Voters in the Democratic primary will cast paper ballots which are marked “PROOF”, Riedel said. County Judge David Bird — who is running for re-election in the Democratic primary — provided 243 xeroxed copies of the proof. They are numbered in red ink and must be initialed by an election official on the back in order to be counted, Riedel said.
Through Wednesday, the County Clerk’s office reported that 32 votes had been cast in the Democratic primary, eight of those in person. Seven voters visited the Gonzales early voting site at the County Clerk’s office and one voted in Waelder.
Attendance was much higher for the Republican primary. A total of 308 votes have been cast as of the end of voting Wednesday.
Seventy-nine in person votes were case in Gonzales; 36 in Waelder; and seven in Nixon.
Over all, 122 votes were cast by personal appearance; 186 were mailed to the county clerk’s office.
There are 12,029 registered voters in the county.
Early voting continues through 4:30 p.m.

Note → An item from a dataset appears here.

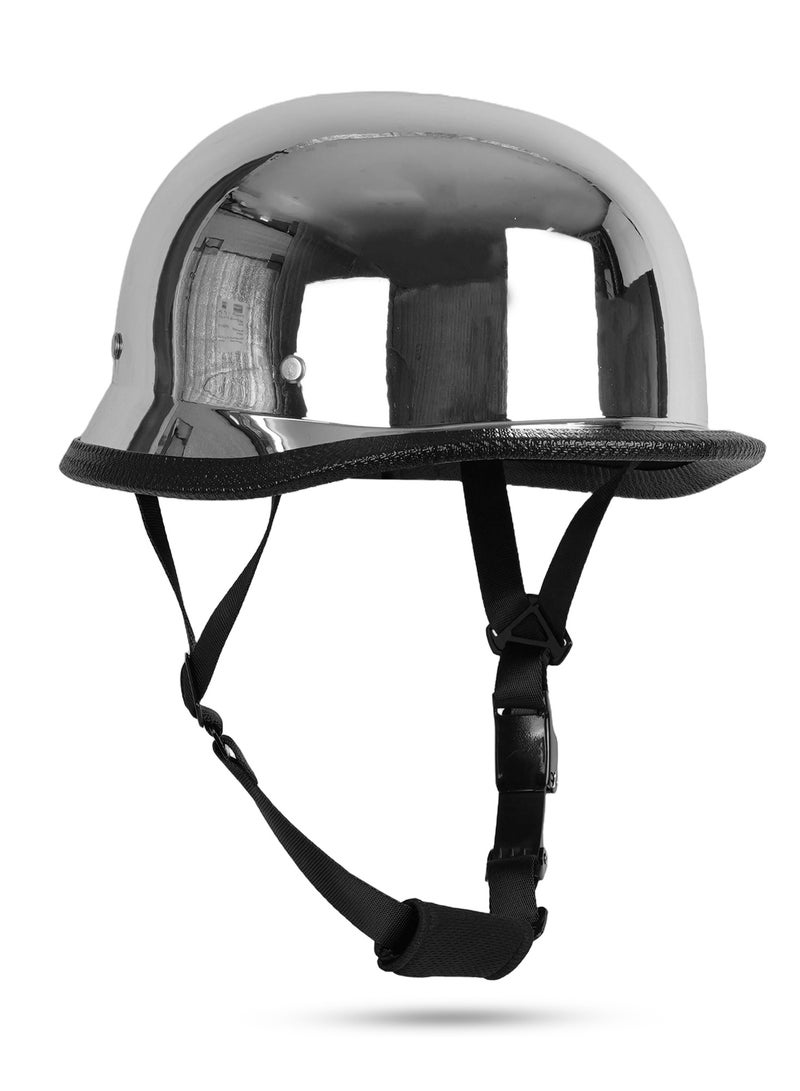 Retro Half Face Motorcycle Retro Style Helmet, Breathable and comfortable Chrome German Style Motorcycle Helmet - Image 1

Friday Feb. 28 during normal business hours. Voters are reminded to bring a valid photo id with them when they come to vote.
Valid forms of photo identification include a Texas driver’s license; identification card issued by Texas Department of Public Safety; a concealed handgun license; or a U.S. passport; U.S. military identification card or a U.S. citizenship certificate with photo.
If you do not have any of the above listed forms of ID, obtain a free election identification certificate from the local driver’s license office.